**The data**
===

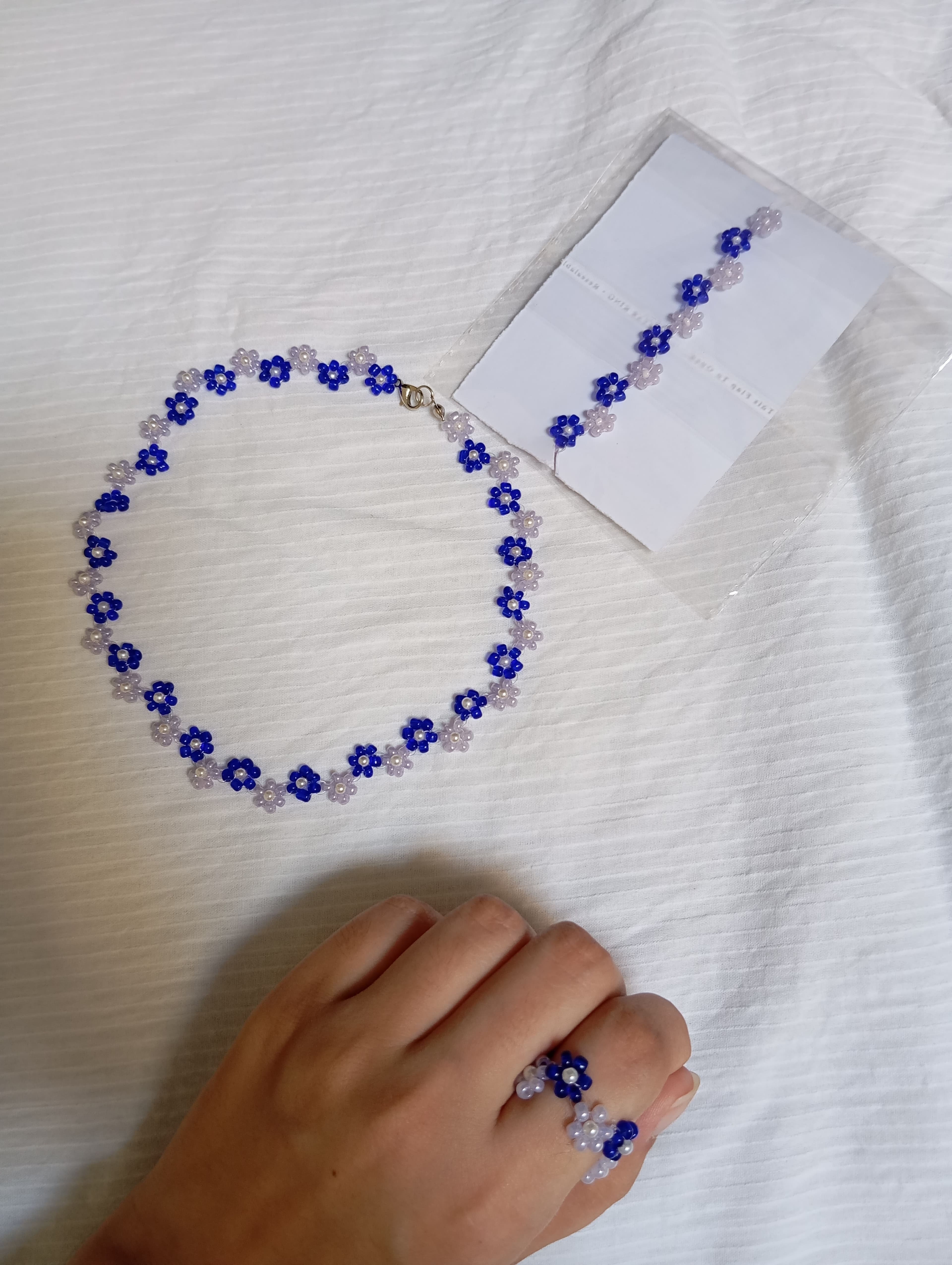 Cobalt Daisy Necklace with matching bracelet and ring on white sheet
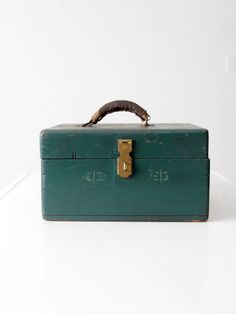 an old green metal box with a handle on the top and a worm sticking out of it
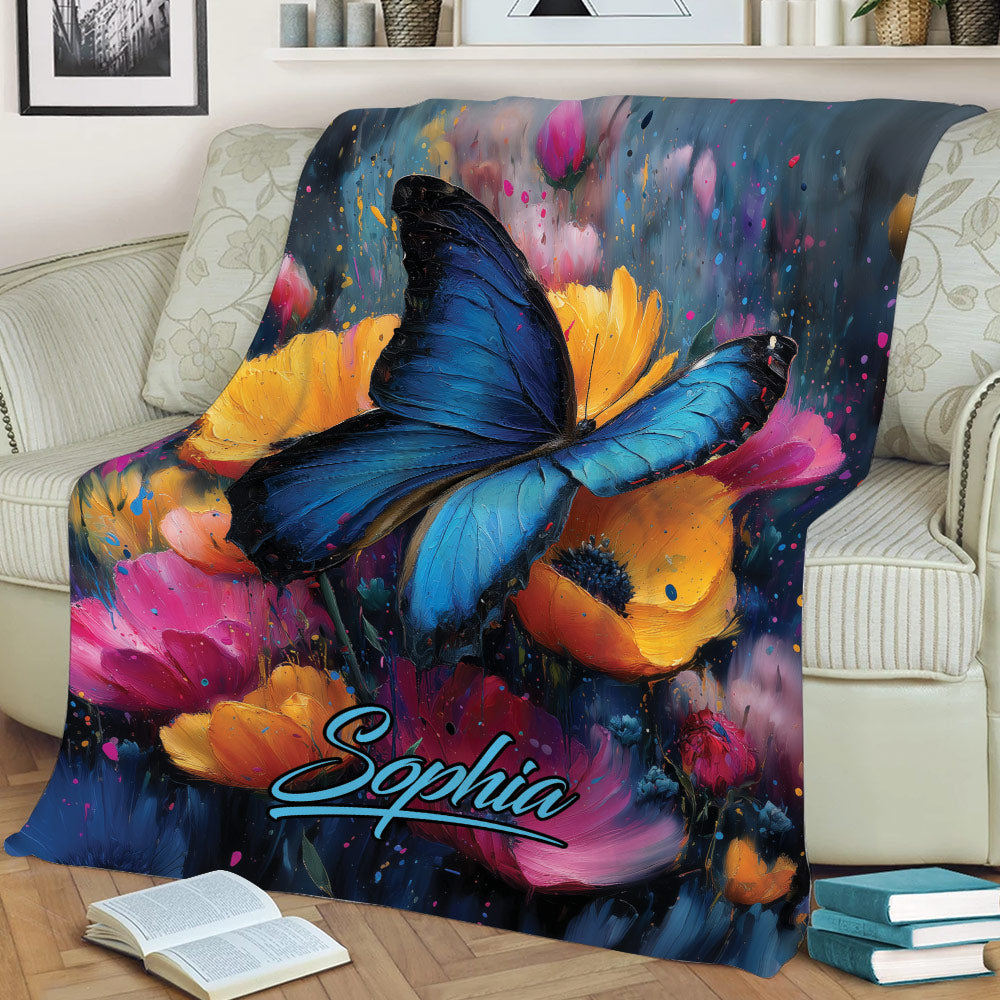 Blue butterfly blanket displayed on a sofa with bold painterly flowers and rich jewel tones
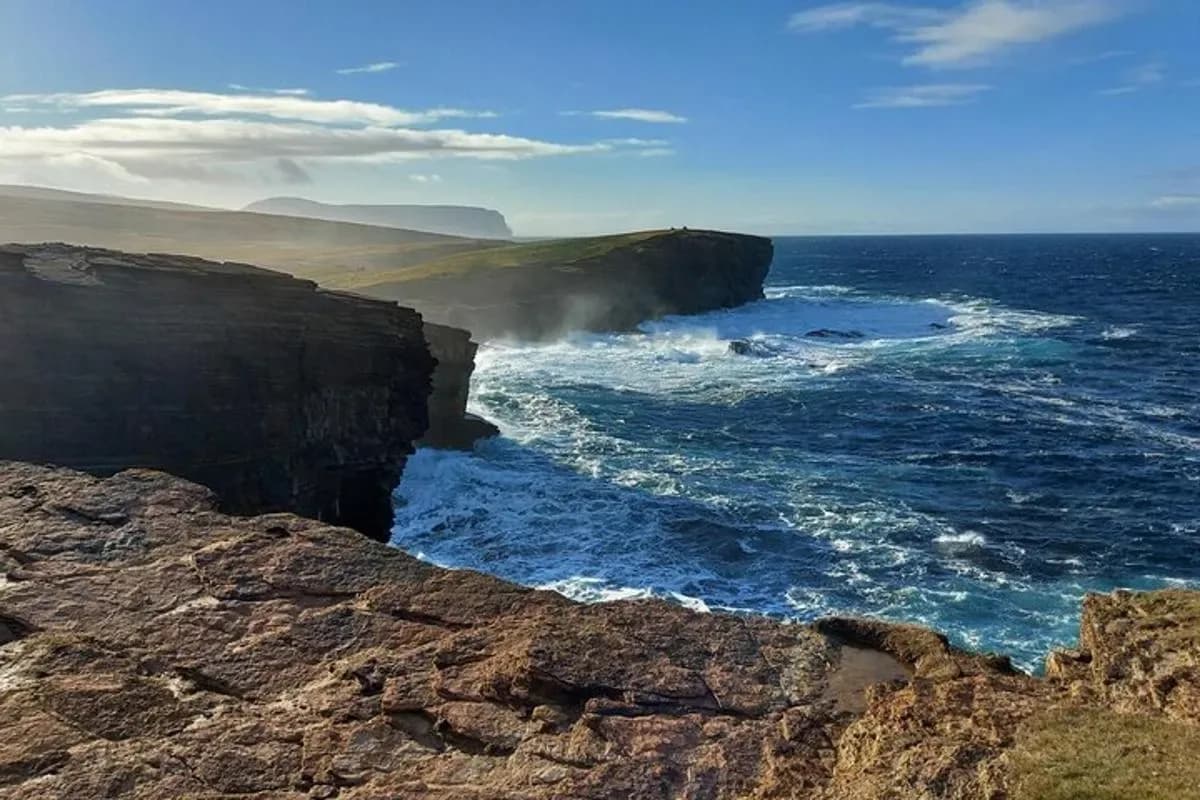 a view of the ocean from a cliff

===

Transcribe all of the material exactly, leaving out whatever pictures it contains.

**Final answer**
 Cobalt Daisy Necklace with matching bracelet and ring on white sheet
 an old green metal box with a handle on the top and a worm sticking out of it
 Blue butterfly blanket displayed on a sofa with bold painterly flowers and rich jewel tones
 a view of the ocean from a cliff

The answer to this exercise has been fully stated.